IPv4 host parser + site definition seems potentially dangerous. #560

MattMenke2 · 2020-11-20T23:50:08Z

Per the IPv4 parser, http://127.0.0.127.1 is a valid, non-IPv4 host. Similarly, http://foo.0.127.1 is a valid, non-IPv4 host. Per the Public Suffix List spec, the prevailing rule that should apply to them (since they have no matches in the list) is "*", so their eTLD is just "1", and so their site (defined in the fetch spec) is "http", "127."1".

This is strange for two reasons:

"http://127.1" is, per the IPv4 parsing spec, equivalent to "http://0.0.127.1", which seems unsafe. I believe it's a reserved IP, anyways, but still not great. FireFox maps this to "http://127.0.0.1", at least when passed to the Javascript URL constructor, which seems even less safe. So trying to create a URL or origin from a such a site seems like it could potentially lead to security bugs. Admittedly, this is not something the web platform currently does, though can happen, e.g., when displaying the "URL" a cookie is set on to the user.
"http://127.0.0.0.1" looks a lot like "http://127.0.0.1", and we always tell users to look at the end of a hostname, so doesn't in general seem very safe to display to the user.

Now, admittedly, trying to resolve "127.0.0.0.1" at the DNS layer should generally fail, but the situation here seems a bit troubling.

I ran into this because Chromium is trying to store the Network Partition Key's site | origin as an origin object, but a fuzzer recently discovered an assert failure when creating an origin with a host of "0.1" (which is recognized as not being in the canonical form of "0.0.0.1"). Obviously, we could just make it hold an origin | (scheme + hostname), and we can adhere to the spec, the described behavior just doesn't seem that safe to me.
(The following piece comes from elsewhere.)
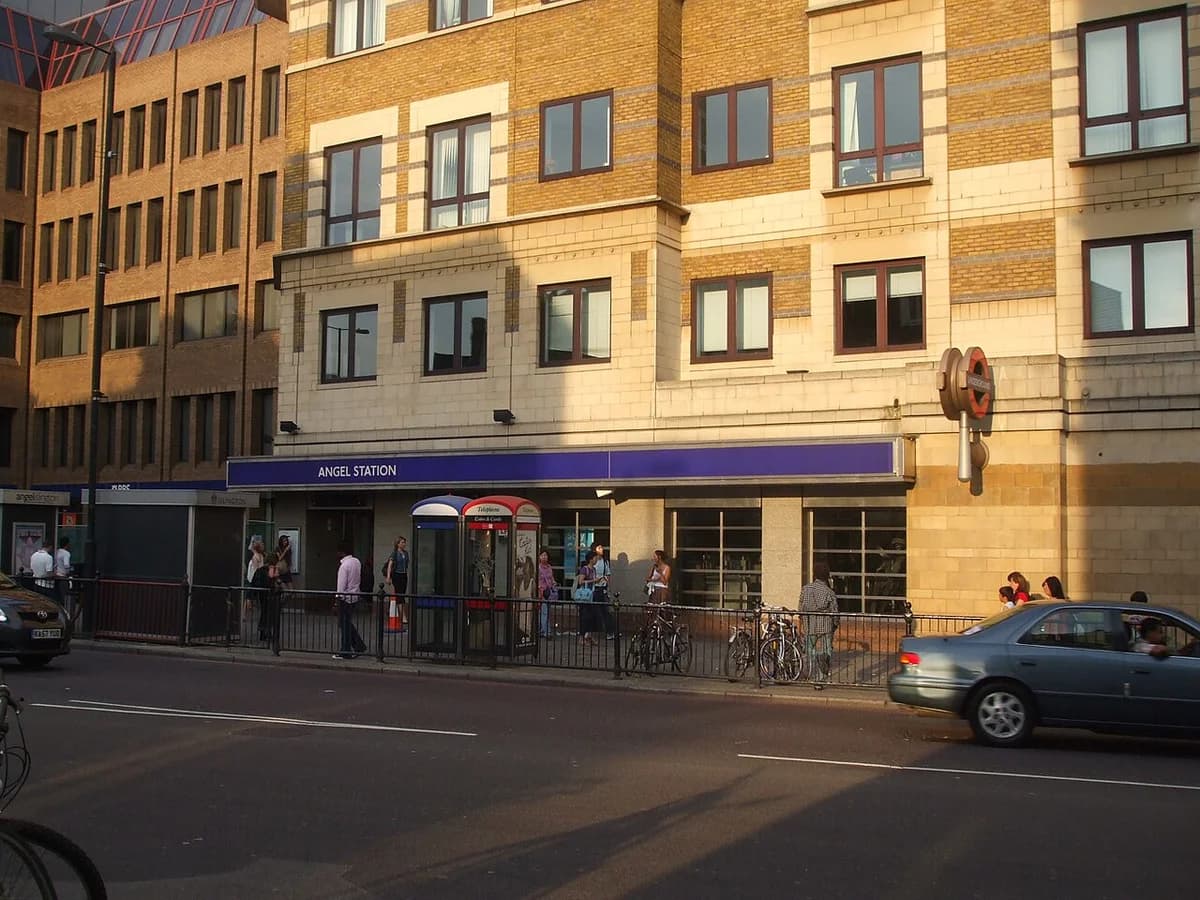 Street view of the entrance to Angel tube station in London.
I'd rather just reject an host that ends in a number but isn't a valid IPv4 IP, so filing this to see if anyone else has any thoughts on this.

annevk · 2020-11-27T16:24:40Z

cc @whatwg/security

mozfreddyb · 2020-11-30T08:24:21Z

A bit on a tangent, but re 1), a missing dot is filled in so far that the last number is treated as an integer to fill the bytes that are still required. I.e., 127.1 ought to be "127.0.0.1".
However this may be resolved, it needs to take hexadecimal, octal, (dotted and undotted) into account.

mikewest · 2020-11-30T08:50:18Z

I'd rather just reject an host that ends in a number but isn't a valid IPv4 IP, so filing this to see if anyone else has any thoughts on this.

This sounds reasonable to me.

a missing dot is filled in so far that the last number is treated as an integer

Perhaps it's time to reevaluate more broadly all of the strange ways we accept spelling IP addresses?

annevk · 2020-11-30T11:02:34Z

It does seem problematic that not all registrable domains can be parsed as a domain. I don't know if that's also problematic for the public suffix (we don't currently defined that as a domain it seems), but I could be convinced.

I think that does argue for solving this in the URL parser somehow, rather than fetch, at least if the last two labels of a domain are numeric. (Although maybe we should block it there too if there are entry points that do not go through the URL parser. Unsure.)

Changing the IPv4 parser itself might be an interesting alternative, but also seems quite a bit riskier?

mikewest · 2020-11-30T11:05:21Z

Changing the IPv4 parser itself might be an interesting alternative, but also seems quite a bit riskier?

Riskier, but more ideal? Perhaps we could add some telemetry to see how often strange spellings are used. IMO, they're basically only footguns, and it would be great if we could guide developers towards a canonical spelling of everything.

annevk · 2020-11-30T12:09:22Z

I think even if we managed to be stricter there, we would still want to do something about 127.1 as the network itself is likely not resilient to such domains either (and interpret them as 127.0.0.1 as the specification does).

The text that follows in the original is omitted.